Gerlach Martin, Font-Clos Francesc
Department of Chemical and Biological Engineering, Northwestern University, Evanston, IL 60208, USA.
Center for Complexity and Biosystems, Department of Physics, University of Milan, 20133 Milano, Italy.
Entropy (Basel). 2020 Jan 20;22(1):126. doi: 10.3390/e22010126.

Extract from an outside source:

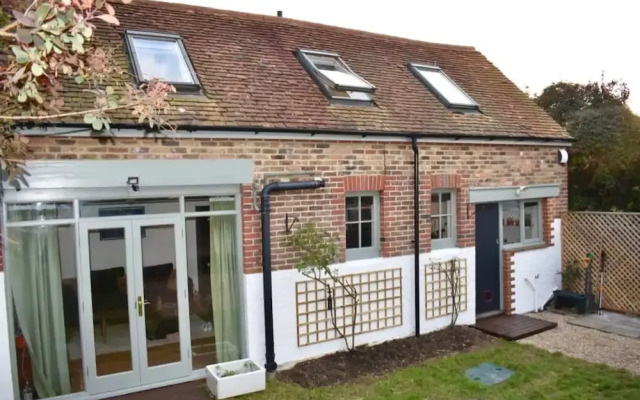 Cosy 2 Bedroom House With Parking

The use of Project Gutenberg (PG) as a text corpus has been extremely popular in statistical analysis of language for more than 25 years. However, in contrast to other major linguistic datasets of similar importance, no consensual full version of PG exists to date. In fact, most PG studies so far either consider only a small number of manually selected books, leading to potential biased subsets, or employ vastly different pre-processing strategies (often specified in insufficient details), raising concerns regarding the reproducibility of published results. In order to address these shortcomings, here we present the Standardized Project Gutenberg Corpus (SPGC), an open science approach to a curated version of the complete PG data containing more than 50,000 books and more than 3 × 10 9 word-tokens. Using different sources of annotated metadata, we not only provide a broad characterization of the content of PG, but also show different examples highlighting the potential of SPGC for investigating language variability across time, subjects, and authors. We publish our methodology in detail, the code to download and process the data, as well as the obtained corpus itself on three different levels of granularity (raw text, timeseries of word tokens, and counts of words). In this way, we provide a reproducible, pre-processed, full-size version of Project Gutenberg as a new scientific resource for corpus linguistics, natural language processing, and information retrieval.
在超过25年的时间里,将古登堡计划(PG)用作文本语料库在语言统计分析中一直极为流行。然而,与其他具有类似重要性的主要语言数据集不同,迄今为止尚无公认的PG完整版本。事实上,到目前为止,大多数PG研究要么只考虑少数几本手动挑选的书籍,这可能会导致有偏差的子集,要么采用差异极大的预处理策略(通常细节描述不足),这引发了对已发表结果可重复性的担忧。为了解决这些不足,我们在此展示标准化古登堡计划语料库(SPGC),这是一种开放科学方法,用于创建一个经过整理的完整PG数据版本,其中包含超过50,000本书籍和超过3×10⁹个词元。利用不同来源的带注释元数据,我们不仅对PG的内容进行了广泛描述,还展示了不同示例,突出了SPGC在研究跨时间、主题和作者的语言变异性方面的潜力。我们详细公布了我们的方法、下载和处理数据的代码,以及在三个不同粒度级别(原始文本、词元时间序列和词频计数)上获得的语料库本身。通过这种方式,我们提供了一个可重复、经过预处理的全尺寸古登堡计划版本,作为语料库语言学、自然语言处理和信息检索的新科学资源。